Computational characterization of low-lying states and intramolecular charge transfers in N-phenylpyrrole and the planar-rigidized fluorazene

Low-lying states and intramolecular charge transfers in N-phenylpyrrole (PP) and its planar-rigidized derivative fluorazene (FPP) have been investigated by ab initio methodologies. On the basis of calculations, properties of the excited states and plausible dual-fluorescence mechanisms have been elucidated. Present results show that S2 as a key state is involved in the consecutive photophysical processes. The S2 state is easily populated under excitation.

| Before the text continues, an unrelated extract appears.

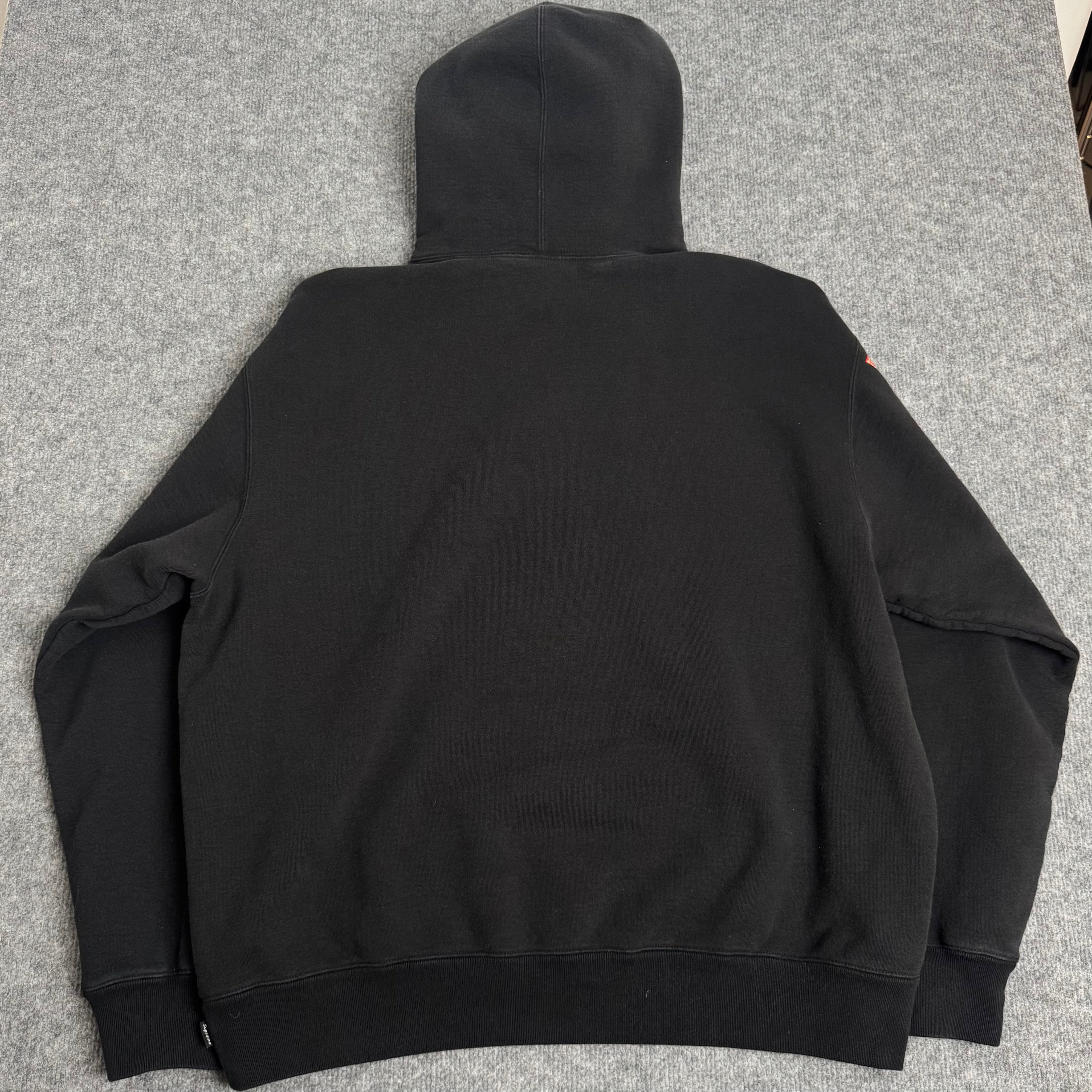 Supreme hættetrøje (Str. L)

In the polar MeCN solution, S2 can evolve to either a lower-energy locally excited state or a lower-energy solvated intramolecular charge-transfer state (S-ICT). The former emits a normal fluorescence back to the ground state, and the latter is exclusively responsible for the red-shifted fluorescence band. Calculations reveal that the emissive ICT states in both FPP and PP have similar geometric features, an elongated N-phenyl bond, a pyramidal carbon atom linking the pyrrole ring, and a quinonoid phenyl ring. The twisting of molecule around the N-phenyl bond is not necessary for the intramolecular charge transfer. Predicted absorption and emission spectra are in reasonable agreement with the experimental observations.